Dublin is a fascinating city, cut through the centre by the Liffey River and circled to the south by the great canal. It’s compact and easy to navigate, most of the main sites being within a half mile of the flowing river. It’s easy to see around as it hasn’t got a huge amount of tall buildings, so why am I suggesting the best travel tip is to buy one of the travel passes that lets you onto the hop on hop off bus service?
The answer is that because Dublin is so compact, the bus service is the best way of seeing as many of the sights as possible in one big loop. It might seem strange to tour a city known for its street characters and pavement culture, but it is an ideal way of dropping into places that otherwise would take all day. Plus you’ll have the evening to stagger round the pubs in Temple Bar!
Here are some suggestions based on a trip I took recently. Pick up the hop on hop off bus service anywhere on the route. The easiest area I found to do that was St Stephens Green, as it acts almost as a terminus and you can have your pick of the buses.
Once you’re settled on board, you can enjoy the live commentary from the driver (I tried four or five and they were all excellent) while you’re whisked around the streets. I started in the Natural History Museum (known as the dead zoo to Dubliners) which was an amazing throw back to the Victorian era, full of glass cases of every type of animal. Beautiful, if a little sad, it’s a tribute to zoology and the style of building in one.
Next, over to Saint Patrick’s Cathederal, another stop on the tour, where you can see Jonathan Swift’s grave (of Gulliver’s Travels fame), who was the dean of the cathedral for over twenty years. The inside has a serenity that comes partly from the filtered light and a little from the tattered battle flags of the Irish regiments that lined the central hall.
Then back on the bus, and north of the river. First stop was the Kilmainham Gaol, which you can read more about here, then I admired the Modern Art Museum, housed in the old hospital near the memorial park. The art is great, but the building spectacular, grouped around formal gardens and a central cobblestone square. It’s an easy walk back to the bus stop, and then a ride around the loop to the National Irish Museum, now taken over the old barracks to the north of the Liffey.

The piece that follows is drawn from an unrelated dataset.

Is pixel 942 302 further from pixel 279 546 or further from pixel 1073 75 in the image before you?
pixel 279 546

It’s a great museum, having history and art in its many galleries. I chose the military galleries and learned a huge amount about Irish participation in wars since the 1500s. The piece on involvement in the American Civil War was especially eye opening, Irish soldiers fighting on both sides.

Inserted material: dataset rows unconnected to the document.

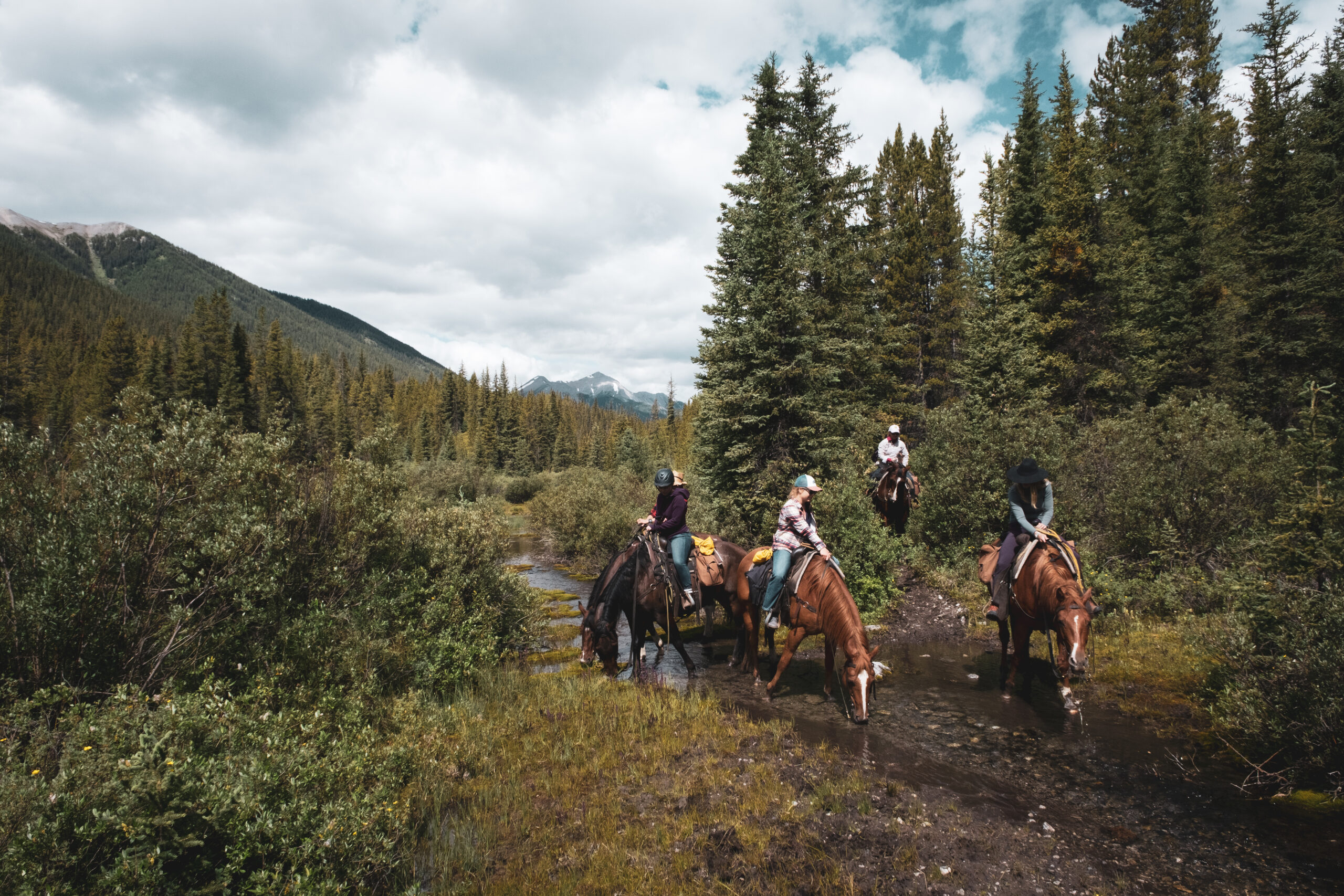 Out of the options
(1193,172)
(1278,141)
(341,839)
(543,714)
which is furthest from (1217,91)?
(341,839)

The trip took about 6 hours, and you might notice that I haven’t mentioned the cost of the day, for good reason. Other than the tour ticket (priced at around €19 per adult, depending on the company you go with), the only entrance fee to be paid is to get into the cathedral at €6. Amazing value, and a real mix of art, military history, religion and natural history. Just remember to pace yourself and stop off for a reviving Guinness at some point!